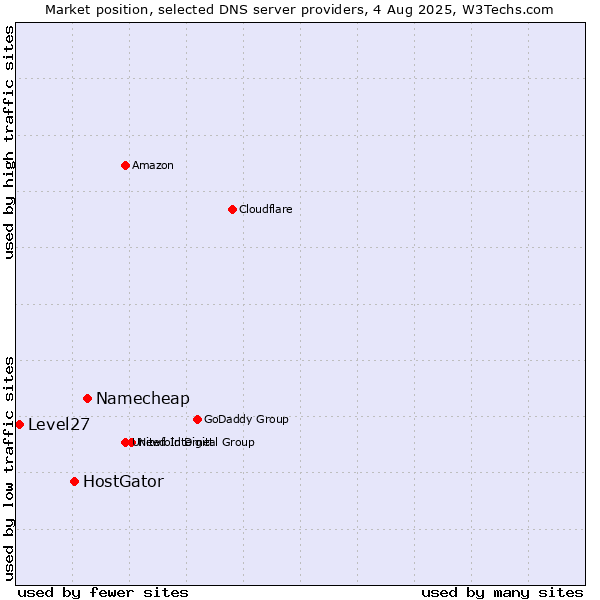 Market position of Namecheap vs. HostGator vs. Level27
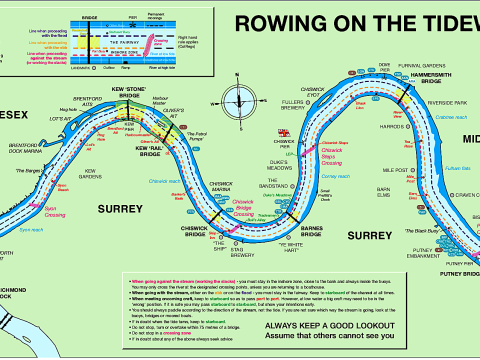 tideway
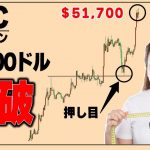 ビットコインもう止まらない。イーサリアムにも要注目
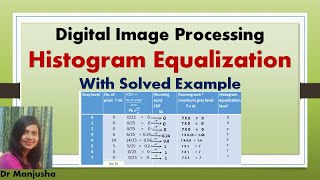 Histogram Equalization Solved Example Digital Image Processing Dr Manjusha Deshmukh [upl. by Niatirb849]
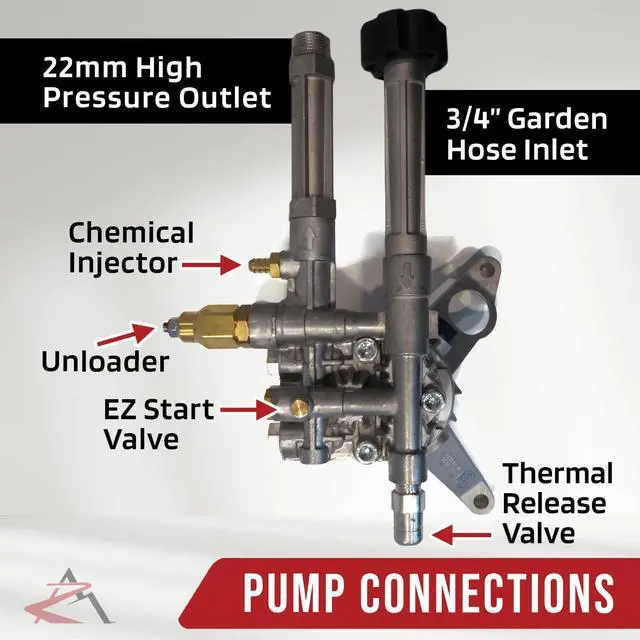 Alt view image 5 of 6 - OEM AR 2600 psi Power Pressure Washer Water Pump | Fits Troy-Bilt 020344, 020344-0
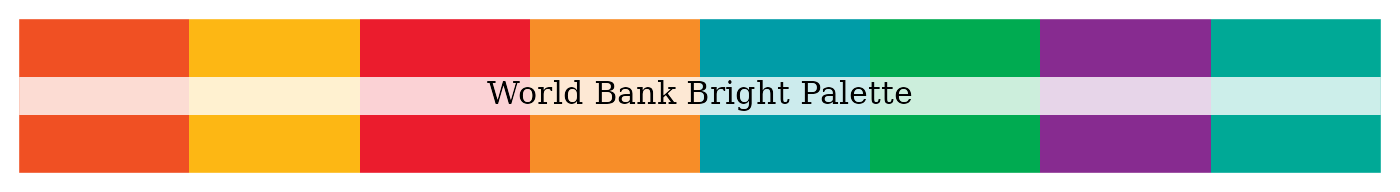 World Bank brights palette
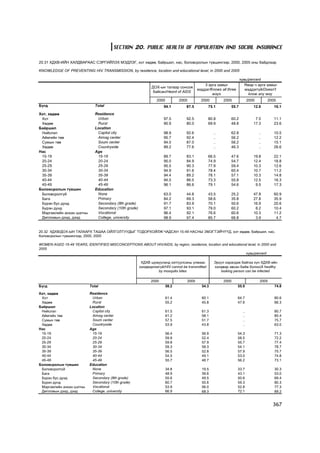 SECTION 20. PUBLIC HEALTH OF POPULATION AND SOCIAL INSURANCE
────────
About this task:
Repeat the records above exactly, from the first line through the line containing "Histogram Equalization Solved", and leave out the pictures.

Answer section:
 Market position of Namecheap vs. HostGator vs. Level27
 tideway
 ビットコインもう止まらない。イーサリアムにも要注目
 Histogram Equalization Solved Example Digital Image Processing Dr Manjusha Deshmukh [upl. by Niatirb849]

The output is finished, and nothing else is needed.